_Problem description_. The answer must consist of every line below that contains the word "frame".

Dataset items
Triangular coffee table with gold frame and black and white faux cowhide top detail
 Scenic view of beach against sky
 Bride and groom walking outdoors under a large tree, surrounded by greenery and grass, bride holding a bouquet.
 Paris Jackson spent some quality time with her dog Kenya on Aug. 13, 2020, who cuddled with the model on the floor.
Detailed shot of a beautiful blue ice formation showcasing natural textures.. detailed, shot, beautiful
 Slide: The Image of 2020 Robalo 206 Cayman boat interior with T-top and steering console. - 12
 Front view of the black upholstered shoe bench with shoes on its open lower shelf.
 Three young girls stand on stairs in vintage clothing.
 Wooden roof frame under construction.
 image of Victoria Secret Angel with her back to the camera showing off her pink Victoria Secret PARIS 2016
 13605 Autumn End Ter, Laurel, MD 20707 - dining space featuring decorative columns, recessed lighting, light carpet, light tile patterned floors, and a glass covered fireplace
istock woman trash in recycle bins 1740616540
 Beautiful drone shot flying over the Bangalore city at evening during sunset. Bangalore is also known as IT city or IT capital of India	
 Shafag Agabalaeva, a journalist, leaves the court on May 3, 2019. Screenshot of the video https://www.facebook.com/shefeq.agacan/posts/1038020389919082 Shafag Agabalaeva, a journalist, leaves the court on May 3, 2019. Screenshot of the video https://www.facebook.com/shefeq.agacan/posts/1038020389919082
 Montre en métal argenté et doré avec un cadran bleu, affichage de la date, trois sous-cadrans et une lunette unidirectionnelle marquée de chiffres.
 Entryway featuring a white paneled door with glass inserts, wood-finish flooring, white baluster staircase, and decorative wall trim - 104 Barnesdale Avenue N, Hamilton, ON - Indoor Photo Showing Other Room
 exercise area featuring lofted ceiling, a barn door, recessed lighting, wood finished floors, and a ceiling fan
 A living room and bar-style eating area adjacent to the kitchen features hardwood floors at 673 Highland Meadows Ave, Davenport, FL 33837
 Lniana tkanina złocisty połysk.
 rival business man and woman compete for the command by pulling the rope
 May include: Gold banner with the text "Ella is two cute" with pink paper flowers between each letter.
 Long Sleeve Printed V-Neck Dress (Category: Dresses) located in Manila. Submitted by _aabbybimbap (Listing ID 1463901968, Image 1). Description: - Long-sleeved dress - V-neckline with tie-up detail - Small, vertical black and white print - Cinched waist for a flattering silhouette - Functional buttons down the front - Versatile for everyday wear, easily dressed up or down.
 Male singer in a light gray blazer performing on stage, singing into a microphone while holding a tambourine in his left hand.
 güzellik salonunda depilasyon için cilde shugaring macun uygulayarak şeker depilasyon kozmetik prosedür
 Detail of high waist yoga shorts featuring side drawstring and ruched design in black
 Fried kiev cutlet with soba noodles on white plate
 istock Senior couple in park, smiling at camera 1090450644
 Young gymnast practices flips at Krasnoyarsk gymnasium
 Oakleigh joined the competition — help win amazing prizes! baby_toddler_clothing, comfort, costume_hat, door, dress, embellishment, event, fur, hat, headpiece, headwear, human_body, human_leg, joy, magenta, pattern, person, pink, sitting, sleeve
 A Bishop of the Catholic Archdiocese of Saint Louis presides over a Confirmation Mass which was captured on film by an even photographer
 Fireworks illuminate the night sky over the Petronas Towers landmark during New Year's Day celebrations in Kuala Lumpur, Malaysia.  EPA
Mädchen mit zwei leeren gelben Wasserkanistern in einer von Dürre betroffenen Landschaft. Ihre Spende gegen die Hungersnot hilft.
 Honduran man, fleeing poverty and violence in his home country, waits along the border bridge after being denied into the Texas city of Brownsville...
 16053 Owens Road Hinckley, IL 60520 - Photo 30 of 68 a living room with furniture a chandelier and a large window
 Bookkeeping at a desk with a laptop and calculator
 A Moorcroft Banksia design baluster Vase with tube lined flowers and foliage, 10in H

_Exercise result_.
Triangular coffee table with gold frame and black and white faux cowhide top detail
 Wooden roof frame under construction.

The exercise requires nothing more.